» Supplied material
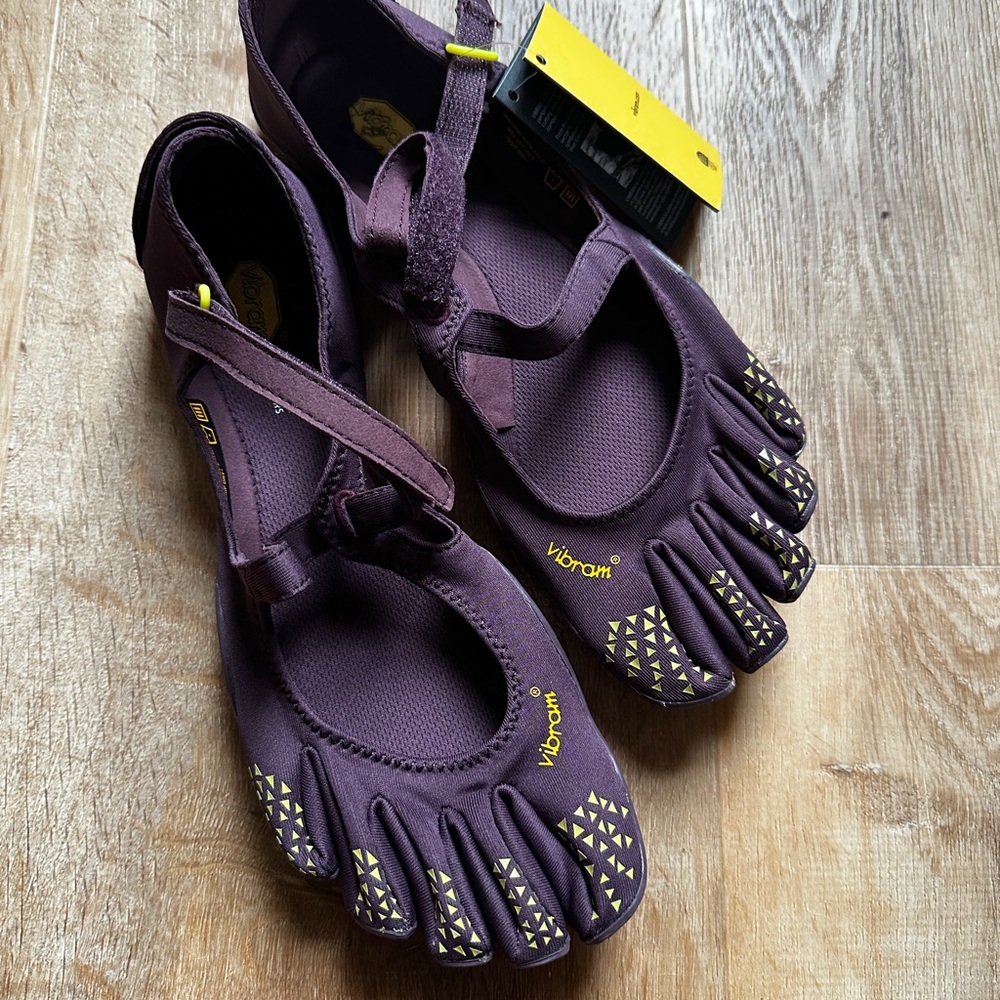 *NWT* Vibram Women's FiveFingers V- Soul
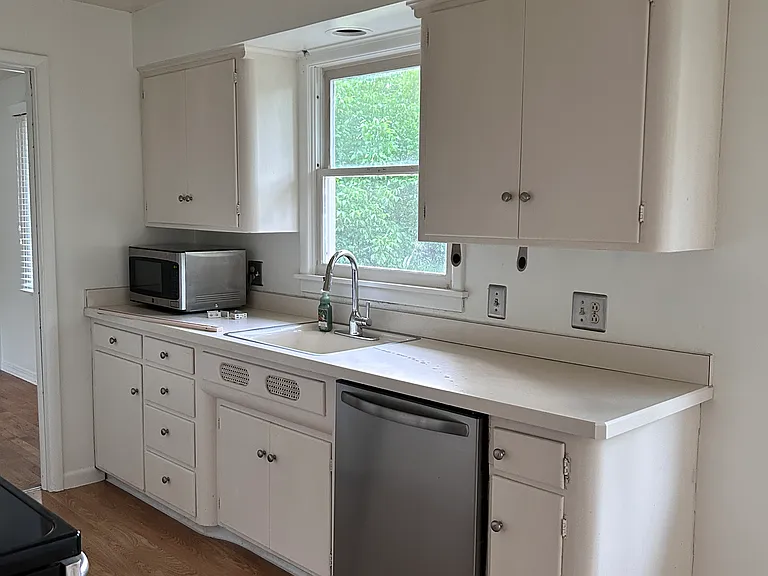 118 W 30th Ave — Photo 19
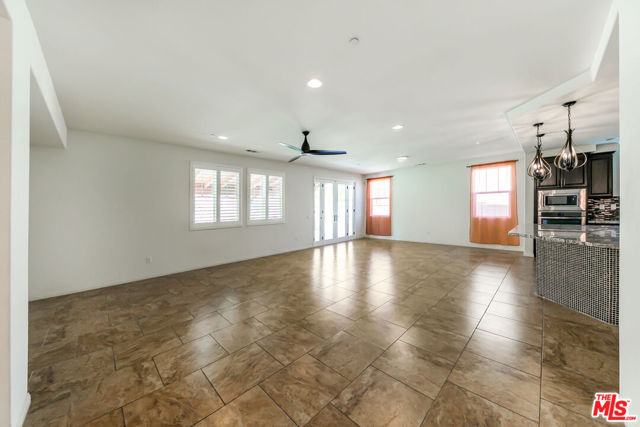 22379 Driftwood Court, Santa Clarita CA: https://media.crmls.org/mediaz/df07bab7-9433-4de6-8c20-ac0968f0f663.jpg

» Directions for this task
Could you transcribe all of the data exactly and omit the pictures?

» Written solution
 *NWT* Vibram Women's FiveFingers V- Soul
 118 W 30th Ave — Photo 19
 22379 Driftwood Court, Santa Clarita CA: https://media.crmls.org/mediaz/df07bab7-9433-4de6-8c20-ac0968f0f663.jpg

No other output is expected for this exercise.